Cody Marie Wild - «Convolution: centering on a point of confusion»

What’s actually difficult and unintuitive about the jump from traditional convolution to network convolution is that, when we see localized aggregation happening in the neural network context, we typically frame it as happening through a weighting kernel centered at the aggregation point, which pulls in information from the surroundings according to that kernel.

A convolution filter in a network is composed the weights of all the input points surrounding the output point (as well as the output point itself).

01

However, as you may have recall from the discussion earlier in the post, traditional mathematical convolution doesn’t actually center its g(x) weight kernels around the output point.

In the convolution formula, copies of g(x) get centered at each input point, and the value of that copy at a given output determines the weight of that input point there.

So, confusingly, filter kernels as we know them in network convolution are not the same thing as g(x) in the convolution formula.

If we wanted to take a network filter and apply it using the convolution formula, we would have to flip it (in the 1D case) or flip it diagonally (in the 2D case).

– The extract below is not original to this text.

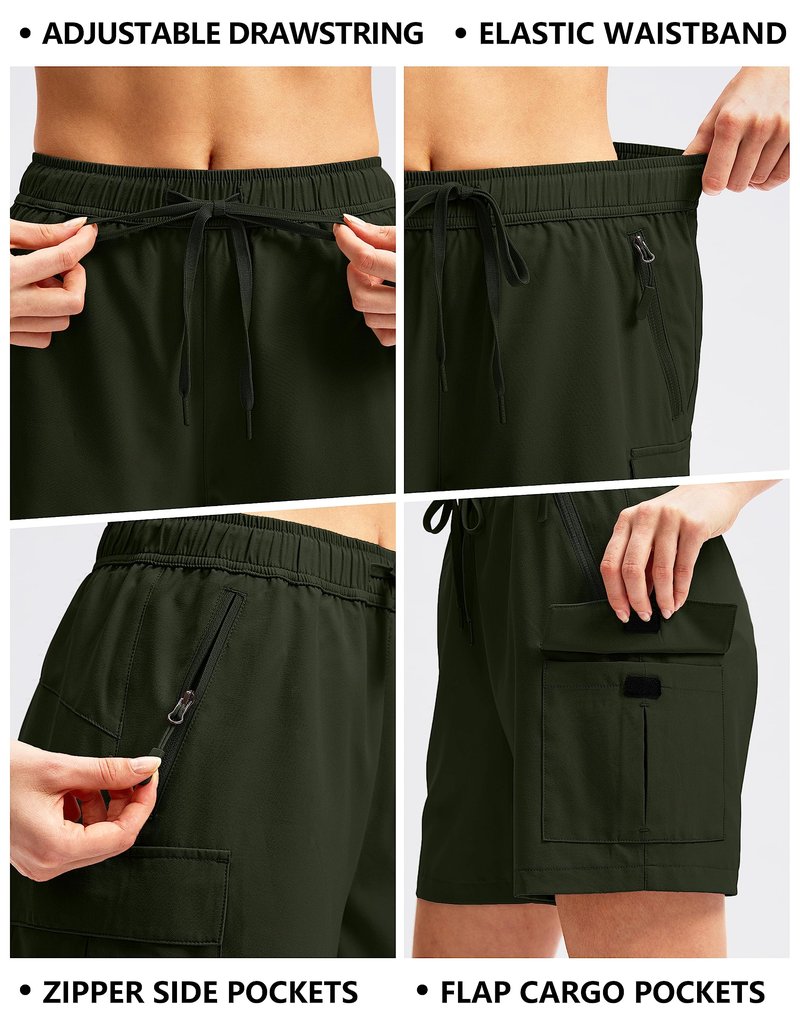 SANTINY Women's 5''/ 7''/9'' Hiking Cargo Shorts Quick Dry Lightweight Summer Shorts for Women Athletic Golf Zipper Pockets(Army Green_XXL)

And, going in reverse, if we wanted to take a g(x) from the convolution integral and use it as an output-centered filter, that filter would be g(-x).

02

03

In cases where the kernel is symmetric, this doesn’t matter, but in typical convolution filters, symmetry isn’t the case: the weight for “to the right of the center, down by one” is different than the weight for “to the left of the center, up by one”, so if you simply took the the output-centered filter and tried to use it in a proper convolution framework, centered at the input point, you would get different weights.

You can see this more clearly in the visualization above, where we use an output-centered version of a g(x) kernel to generate weights for each input, and then an input-centered version, and see that you can’t use the same kernel as you’d use in one procedure in the other and get the same results.

This fact — that you can’t directly plug in output-centered kernels as the g(x) in a convolution equation — was the biggest persistent confusion for me around convolutions, because it seems like it’s doing so nearly the same thing, and because so many explanations use symmetric kernels, so the distinction isn’t highlighted.